What Does Brexit Mean for the NHS and the Medtech Industry?

Posted by Roz Lawson on June 27, 2016



shutterstock_428204305_1.jpgWill Randall co-wrote this article with Roz Lawson.

An idea born in post-war Europe and an organisation that has shaped modern Britain for almost 70 years could be brought to its knees by the Brexit referendum result. No, not the EU: the UK’s National Health Service (NHS). 

So what does last week’s vote, with its destabilising effects already rippling around the globe, mean for the future of the NHS, and for the UK healthcare market? And what might the impact be for medtech companies operating in, or selling to, the UK and the NHS? 

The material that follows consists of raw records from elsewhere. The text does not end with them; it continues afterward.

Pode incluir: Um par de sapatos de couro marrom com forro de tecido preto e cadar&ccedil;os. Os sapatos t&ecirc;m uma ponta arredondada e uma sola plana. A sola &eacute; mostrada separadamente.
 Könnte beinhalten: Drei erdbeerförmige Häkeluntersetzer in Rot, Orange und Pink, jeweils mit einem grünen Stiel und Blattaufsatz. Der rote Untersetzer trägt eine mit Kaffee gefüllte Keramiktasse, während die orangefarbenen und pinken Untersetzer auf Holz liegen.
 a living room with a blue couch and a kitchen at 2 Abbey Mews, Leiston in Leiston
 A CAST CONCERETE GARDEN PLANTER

The CEO of the NHS, Simon Stevens, has already warned that the consequences of a Brexit would be “very dangerous.” Consider what changes could potentially be set in motion by the Brexit process: 

  1. The 1.2 million ex-pat Britons, including 100,000 British pensioners enjoying retirement in Spain, return to the UK and place further demands on the NHS.
  2. The 52,000 non-British Europeans who currently work for the NHS leave Britain and return to Europe.
  3. The remaining British NHS workforce—in a post-Brexit Britain free of the safeguards of the European working time directive (which limits working hours to an average of 48 hours per week and guarantees rest breaks and leave)—continue to suffer, strike or even leave the country and its stricken health service altogether. 
  4. The NHS’ finances go from bad to worse. Some are estimating a £10.5-billion gap in the NHS budget by 2019-2020, in addition to the £22-billion-plus savings target already in place. 

 

The reality is likely to be somewhat less extreme. Given that the UK government already pays for the treatment of its citizens abroad in Europe, the impact of the 1.2 million British ex-pats returning to the UK wouldn’t primarily be a financial one. Instead, it would be on the capacity of the NHS to care for those who returned, or on the individual out-of-pocket costs to those who stayed (and risked losing the current provision of coverage through the current European Health Insurance Card system). Regarding the non-British Europeans working for the NHS, whilst the attractiveness of employment in Britain to current and prospective European migrants could decline, any departure would be gradual rather than sudden. Whilst the recent UK junior doctors’ strikes showed that any changes would not come without a fight, there are no guarantees that NHS employment contracts in a post-Brexit Britain would continue to follow the current guidelines set out by the directive. 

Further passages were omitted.